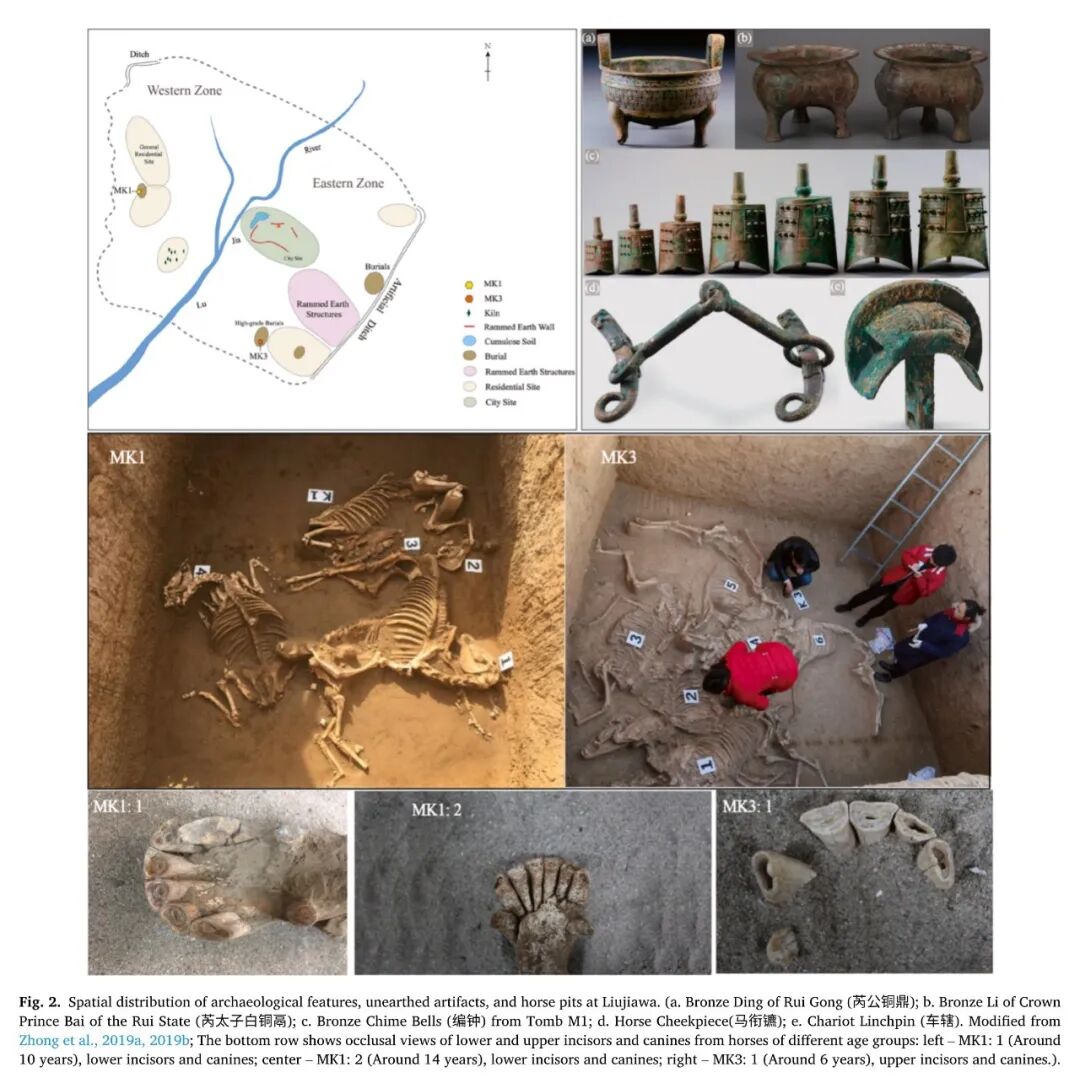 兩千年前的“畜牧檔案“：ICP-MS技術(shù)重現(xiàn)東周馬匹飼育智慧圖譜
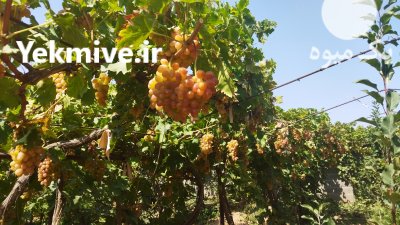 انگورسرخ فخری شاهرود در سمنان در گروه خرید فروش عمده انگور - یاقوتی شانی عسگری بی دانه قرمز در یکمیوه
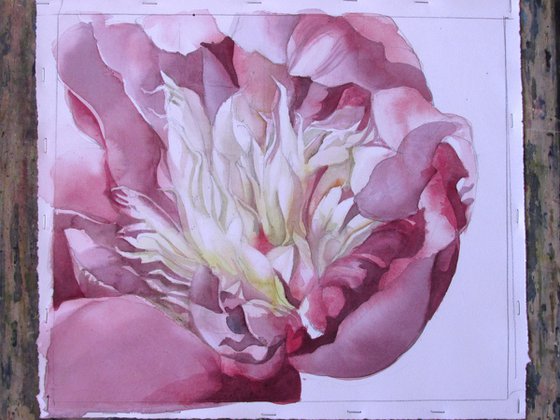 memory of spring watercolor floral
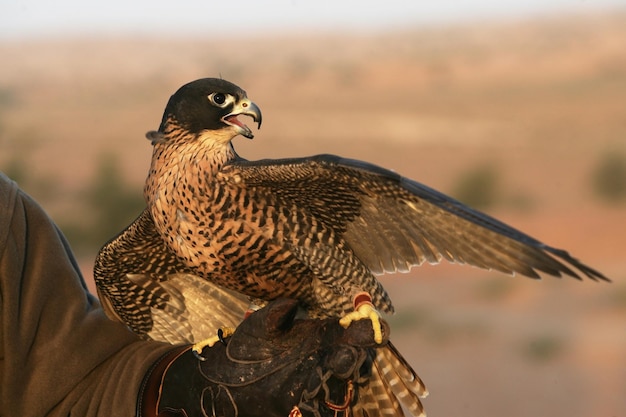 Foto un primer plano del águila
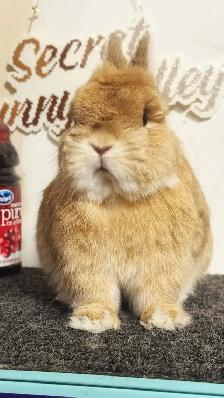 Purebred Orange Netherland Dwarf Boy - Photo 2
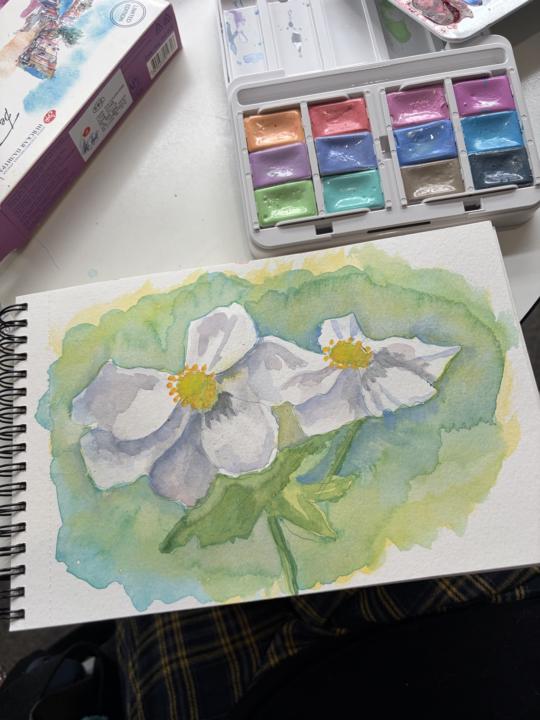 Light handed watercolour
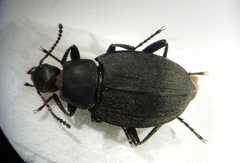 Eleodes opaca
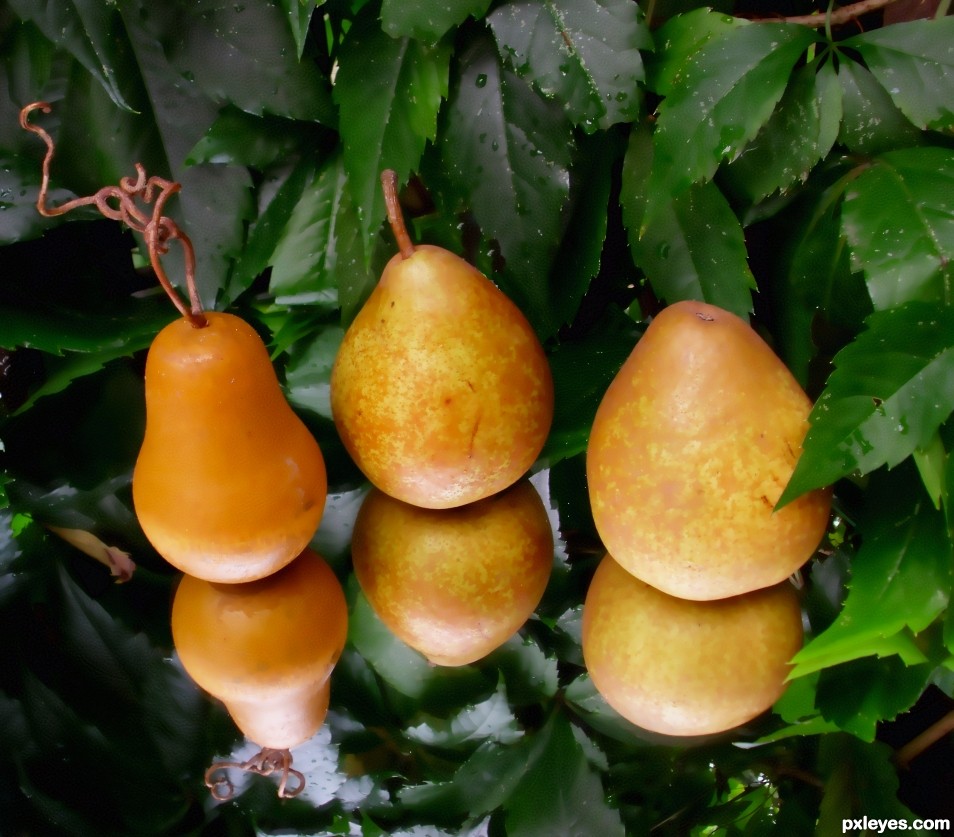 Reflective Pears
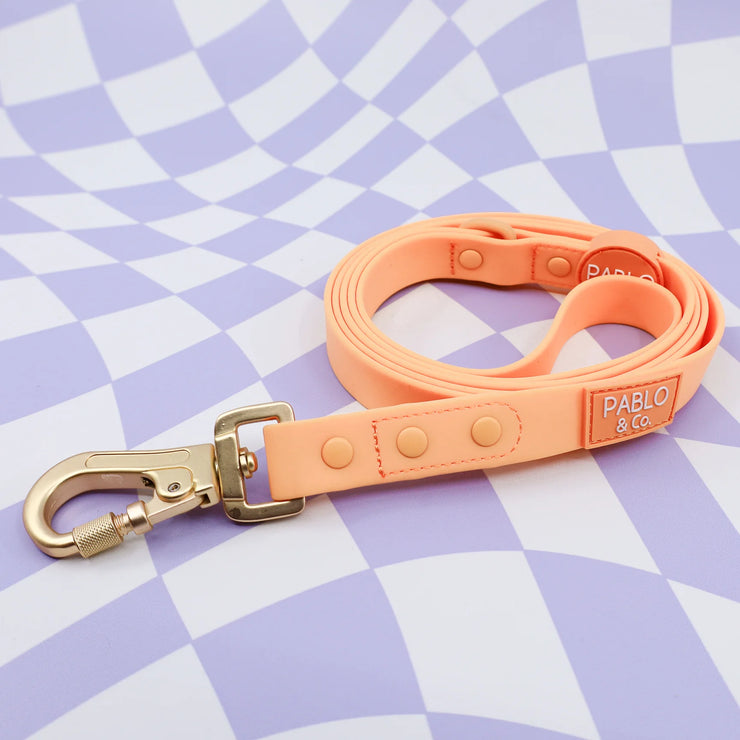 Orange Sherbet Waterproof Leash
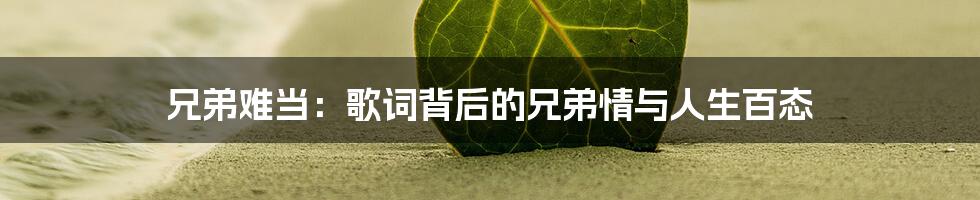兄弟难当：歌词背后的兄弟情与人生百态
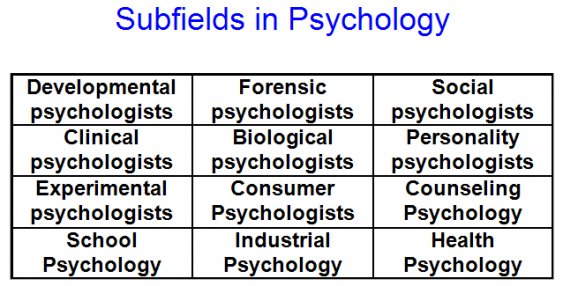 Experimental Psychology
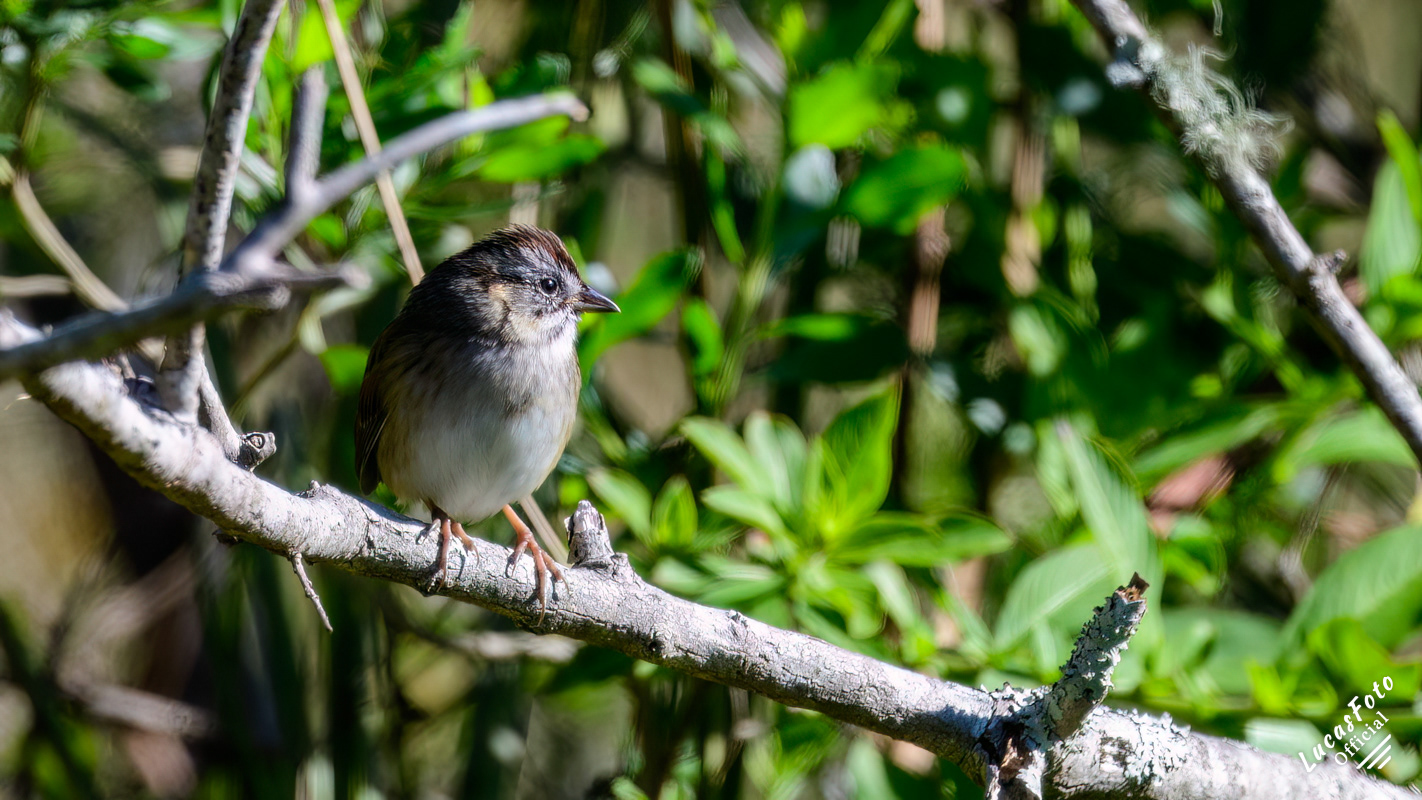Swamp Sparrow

_YOUR ASSIGNMENT_
Would you please repeat all the data word for word, but without the pictures?

_RESPONSE_
 兩千年前的“畜牧檔案“：ICP-MS技術(shù)重現(xiàn)東周馬匹飼育智慧圖譜
 انگورسرخ فخری شاهرود در سمنان در گروه خرید فروش عمده انگور - یاقوتی شانی عسگری بی دانه قرمز در یکمیوه
 memory of spring watercolor floral
 Foto un primer plano del águila
 Purebred Orange Netherland Dwarf Boy - Photo 2
 Light handed watercolour
 Eleodes opaca
 Reflective Pears
 Orange Sherbet Waterproof Leash
兄弟难当：歌词背后的兄弟情与人生百态
 Experimental Psychology
Swamp Sparrow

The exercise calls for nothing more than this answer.